SEKULERISASI
DAN LIBERALISASI ISLAM
Akhmad Hasan Saleh, S.Pd., MPI.
A.
PENDAHULUAN
Sejarah
telah membuktikan bahwa peradaban terbangun dan tegak berbasiskan ilmu, maka
untuk membangun kembali peradaban Islam yang sedang nyaris lumpuh adalah dengan
menegakkan kembali ilmu-ilmu yang telah lama ditinggalkan. Asal muasal ilmu
adalah karena tidak berhentinya berfikir dalam menyelesaikan sekian banyak
permasalahan yang dihadapi umat. Berfikir adalah prasyarat untuk menghidupkan
ilmu. Karena dengan ilmu dunia akan terkuasai dan
sekaligus akhirat, maka adalah wajar jika umat islam
“dikuasai dunia” alias mundur karena krisis ilmu atau dengan kata lain malas
berfikir.
Menegakkan
peradaban ilmu berarti mengarahkan kembali framework
(cara pandang) pemikiran manusia agar sejalan dengan aturan-aturan Allah. Istilah
framework ini menurut Dr. Hamid Fahmi
Zarkasyi disebut sebagai worldview.
Jadi membangun peradaban Islam sejatinya bukanlah membangun sarana prasarana
fisik dengan label Islam, tapi mereorientasikan wordview pemikiran umat Islam yang
mulai mengalami “kebingungan”, sebagai dasar pandangan dan berfikir.[1]

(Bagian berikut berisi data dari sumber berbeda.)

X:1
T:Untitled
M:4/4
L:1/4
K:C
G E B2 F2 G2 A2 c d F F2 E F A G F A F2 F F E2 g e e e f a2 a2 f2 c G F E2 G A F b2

Masalah ini harus kita pikirkan bersama, karena kompleksnya permasalahan pemikiran,
khususnya tentang ilmu dan keagamaan saat ini.
Kekeliruan
worldview menjadikan kekeliruan dalam menyikapi setiap permasalahan yang muncul
dalam masyarakat. Hal inilah yang menjadi sasaran serangan dahsyat Barat
terhadap umat Islam saat ini. Sehingga muncul sebutan-sebutan baru untuk umat
Islam yang tsiqoh terhadap aqidahnya,
sebut saja ekstrim kanan, radikal, fundamental dan terakhir yang sangat
memojokkan umat adalah teroris. Sehingga berawal dari sebutan-sebutan itulah
umat Islam bersembunyi dibalik tirai abu-abu bahkan berkolaborasi dengan Barat.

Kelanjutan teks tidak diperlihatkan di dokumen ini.